Enterocutaneous fistula: a Tanzanian experience in a tertiary care hospital|
Chalya, P.L.; Mchembe, M.; Gilyoma, J.M.; Mabula, J.B.; Mawala, B. & Mona, L.
Background: Enterocutaneous fistulae pose a therapeutic challenge to general surgeons all over the world and contribute significantly to high morbidity and mortality. The aim of this study was to describe our experience in the management of enterocutaneous fistulas, outlining the causes, fistula characteristics, treatment outcome and prognostic factors for fistula closure and mortality in our local setting.
Methods: A prospective study of patients with enterocutaneous fistulae was conducted at Bugando Medical Centre between December 2007 and November 2009. After informed written consent for the study and HIV testing, all patients who met the inclusion criteria were consecutively enrolled into the study. Data were collected using a pre-tested, coded questionnaire and analyzed using SPSS software version 11.5.

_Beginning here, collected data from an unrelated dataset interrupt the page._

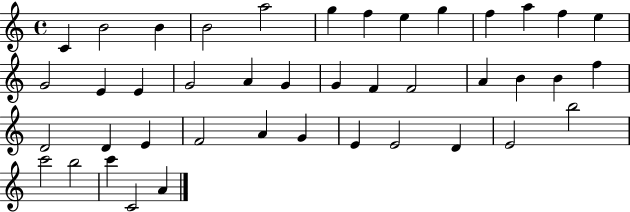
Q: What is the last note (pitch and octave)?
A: A4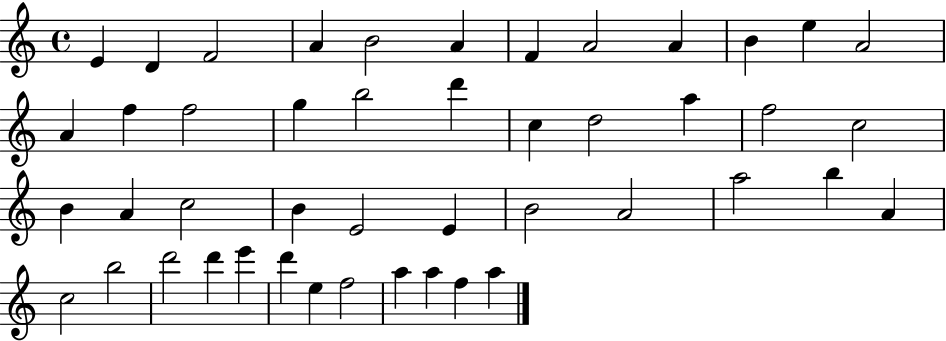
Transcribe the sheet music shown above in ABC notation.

X:1
T:Untitled
M:4/4
L:1/4
K:C
E D F2 A B2 A F A2 A B e A2 A f f2 g b2 d' c d2 a f2 c2 B A c2 B E2 E B2 A2 a2 b A c2 b2 d'2 d' e' d' e f2 a a f a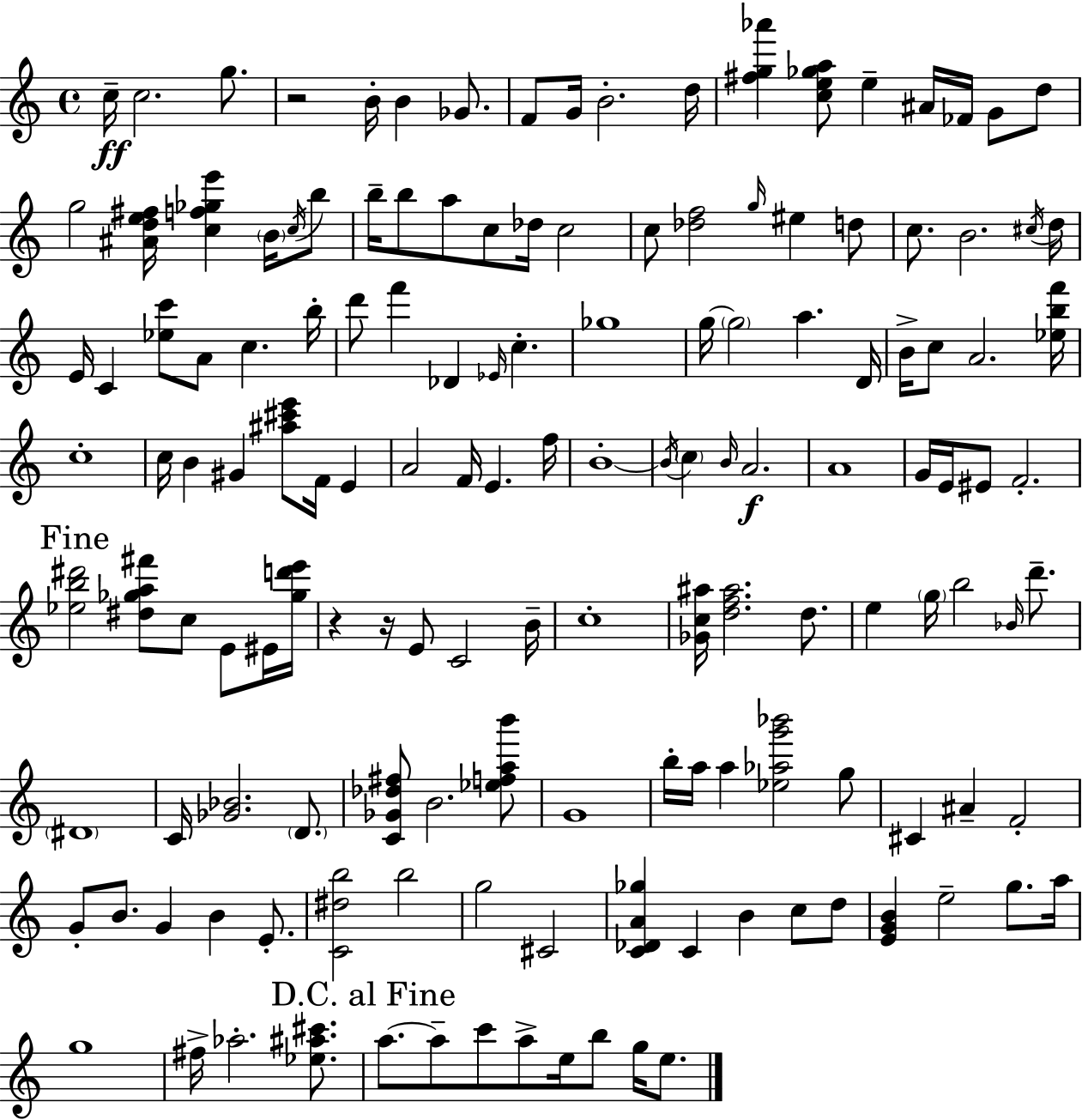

Results: Ninety two patients were seen during the study. There were 54 males (58.7%) and 38 (41.3%) females (M: F ratio = 1.4:1). Post-operative complication was the commonest cause of enterocutaneous fistulae in 91.3% of cases. The majority of patients (63.0%) had high output fistulae and the jejuno-ileum was commonly affected (60.9%). The complication rate was 34.8% and sepsis was the most common complication. Sixteen patients (17.4%) had HIV infection. Fistula closure was successfully achieved in 64 patients (69.6%). Of these, 42 patients (65.6%) had spontaneous closure and 22 patients (34.4%) underwent surgical closure. Mortality rate was 30.4%. Using multivariate logistic regression, the cause of fistula, fistula output, presence of complications and institutional origin of the patient were found to be significant predictors of spontaneous closure (p-value < 0.001), where as surgical closure was significantly associated with presence of complications and pre-morbid illness (p-value < 0.001). Fistula output, institutional origin of the patient, presence of complications and premorbid illness, HIV positivity and CD4 count were significant predictors of mortality.
Conclusion: Enterocutaneous fistulae pose a therapeutic challenge at BMC and contribute significantly to high morbidity and mortality. A multidisciplinary approach focusing on fluid resuscitation, nutritional supplementation, electrolyte replenishment, control of sepsis, containment of effluent, skin integrity and surgery at appropriate time is necessary to lessen morbidity and mortality with a higher fistula closure rate. The high rate of postoperative enterocutaneous fistulae resulting from anastomotic breakdown in patients referred from peripheral hospitals calls for urgent surgical skill training course in this region. The high rate of HIV infection in these patients needs further studies.